Work required:
Although the data below contains pictures, output only the lines between those holding "Brown canvas messenger" and "Kırmızı kağıt zarf", inclusive, exactly and without those pictures.

Records provided Block Start

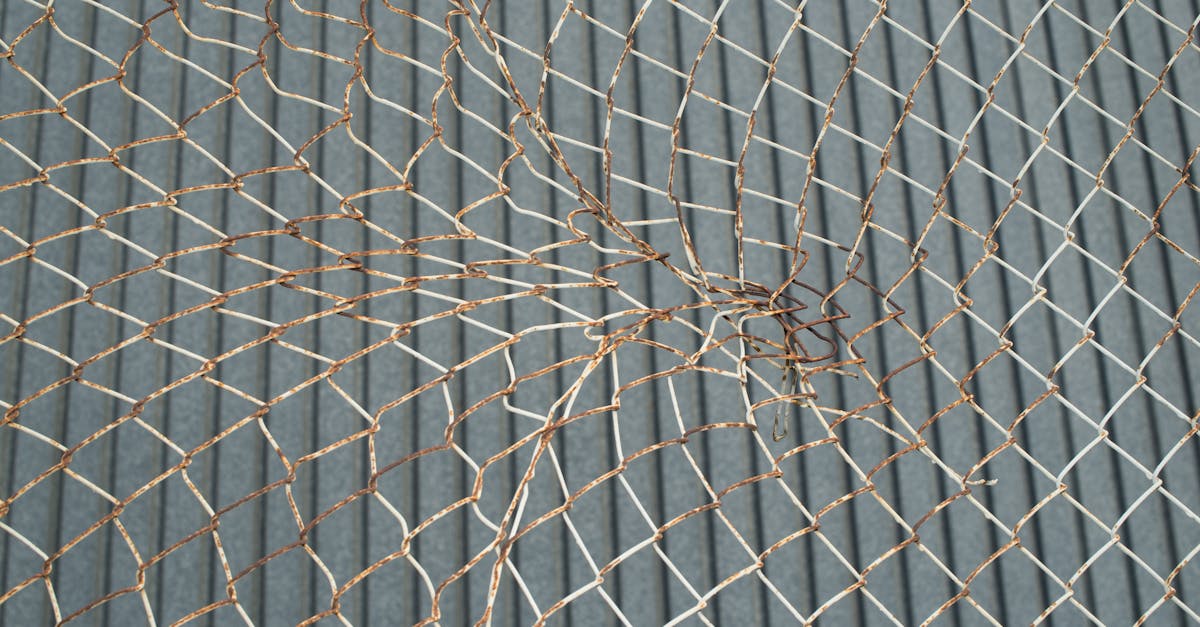 close up of a rusted wire mesh forming an intricate grid pattern 1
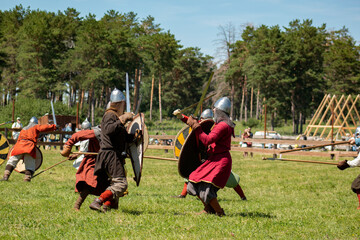 A historical reenactment of a Middle Ages battlefield. Men in armor fighting each other. 
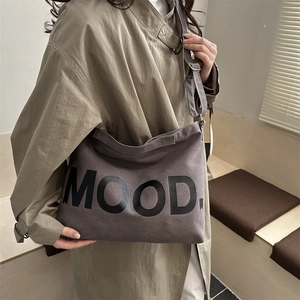 Brown canvas messenger bag with MOOD. text, large capacity trendy crossbody style for women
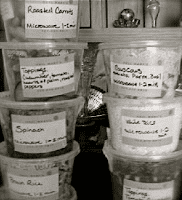 A black and white photo of plastic containers with labels on them.
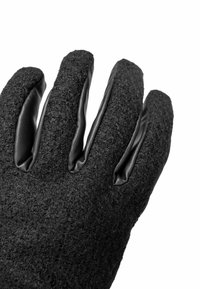 Schwarze Handschuhe mit einer strukturierten Wollaußenseite und glatten Lederakzenten an den Fingerspitzen, die einen Kontrast in den Materialien bieten.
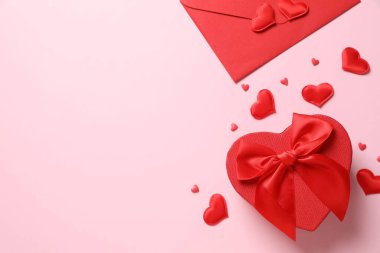 Kırmızı kağıt zarf ve pembe arka planda kalpleri olan hediye. Düz yatış, üst görünüm
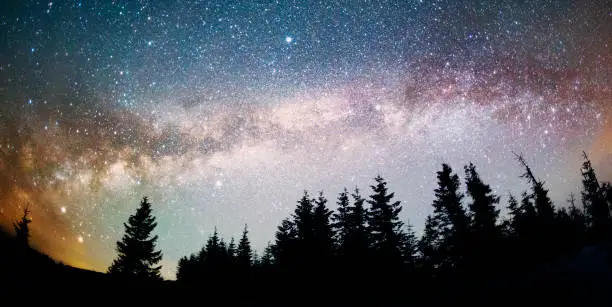 The dark mountain night shines with millions of stars over the fabulous Alpine peak in the Carpathians, the Milky Way of the Galaxy passes over a coniferous forest with a huge arc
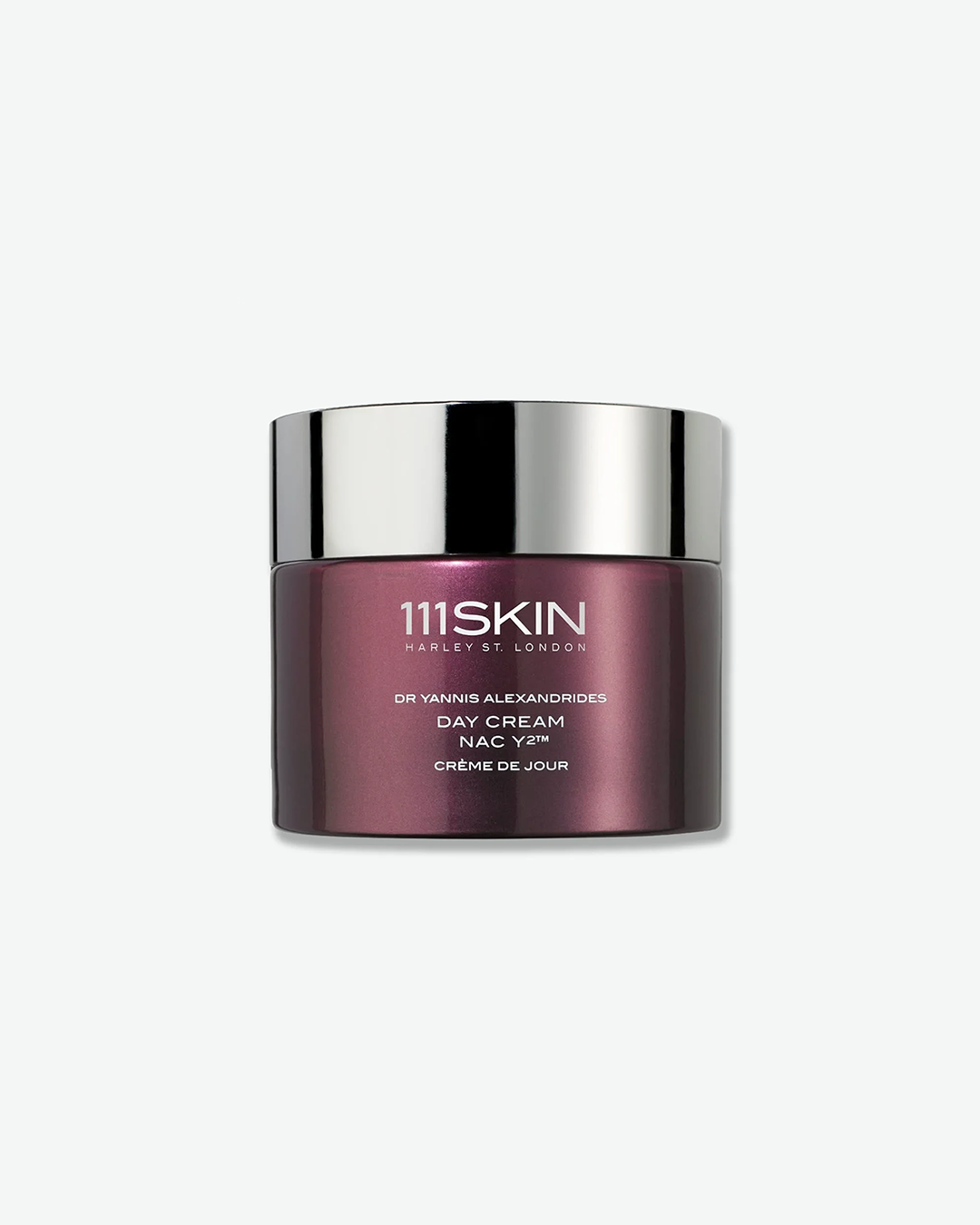 A product shot of a 111SKIN Day Cream NAC Y2 jar, centered against a plain light gray background. The cylindrical jar is made of a glossy, deep metallic purple glass and is sealed with a reflective chrome silver screw-on lid. The front displays white text detailing the brand name, product, formulation, and the French translation "CRÈME DE JOUR".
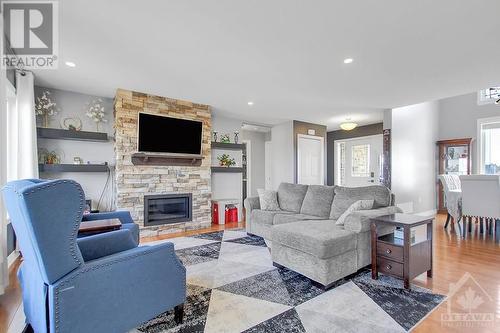 2968 Drew Drive, South Mountain, ON - Indoor Photo Showing Living Room With Fireplace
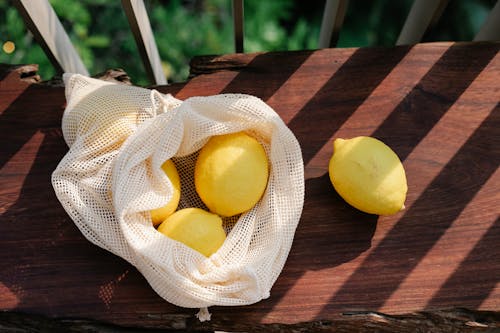 Lemons in bag on wooden surface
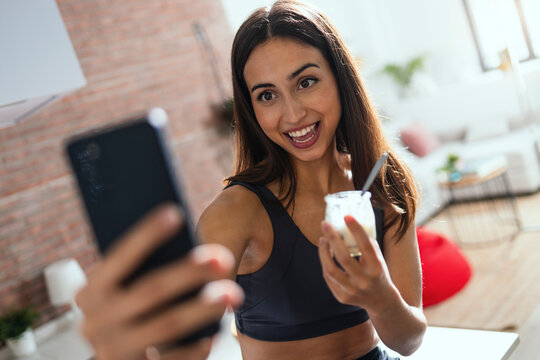 Young woman with yogurt jar taking selfie on mobile phone at home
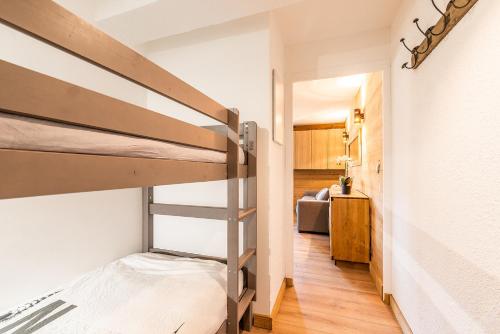 a room with two bunk beds and a hallway at Fleur des Montagnes in Praz-sur-Arly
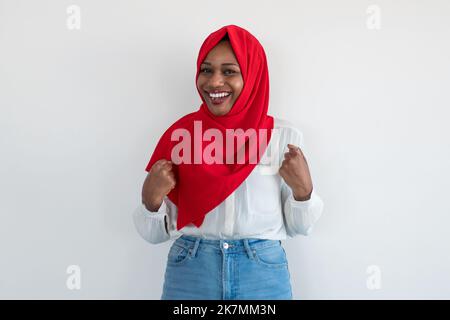 Fröhliche afroamerikanische Frau in Hijab gestikuliert ja, feiert Erfolg über weißen Studio Wand Hintergrund Stockfoto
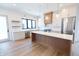 Open concept kitchen with island and stainless steel appliances at 2133 N Talbott St, Indianapolis, IN 46202
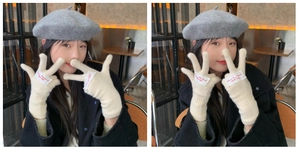 Detail of off-white knitted gloves with embroidered patch and grey wool beret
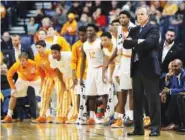  ?? THE ASSOCIATED PRESS FILE PHOTO ?? Tennessee men’s basketball coach Rick Barnes and the Vols watch the second half of their game against Gonzaga last December in Nashville. Two players transferre­d out in the offseason, but the addition of two scoring guards late in the recruiting cycle...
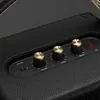 Marshall Tufton portable Bluetooth speaker in Black and Brass, close-up of the brass control knobs and battery indicator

Records provided Block End

Answer box:
 Brown canvas messenger bag with MOOD. text, large capacity trendy crossbody style for women
 A black and white photo of plastic containers with labels on them.
 Schwarze Handschuhe mit einer strukturierten Wollaußenseite und glatten Lederakzenten an den Fingerspitzen, die einen Kontrast in den Materialien bieten.
 Kırmızı kağıt zarf ve pembe arka planda kalpleri olan hediye. Düz yatış, üst görünüm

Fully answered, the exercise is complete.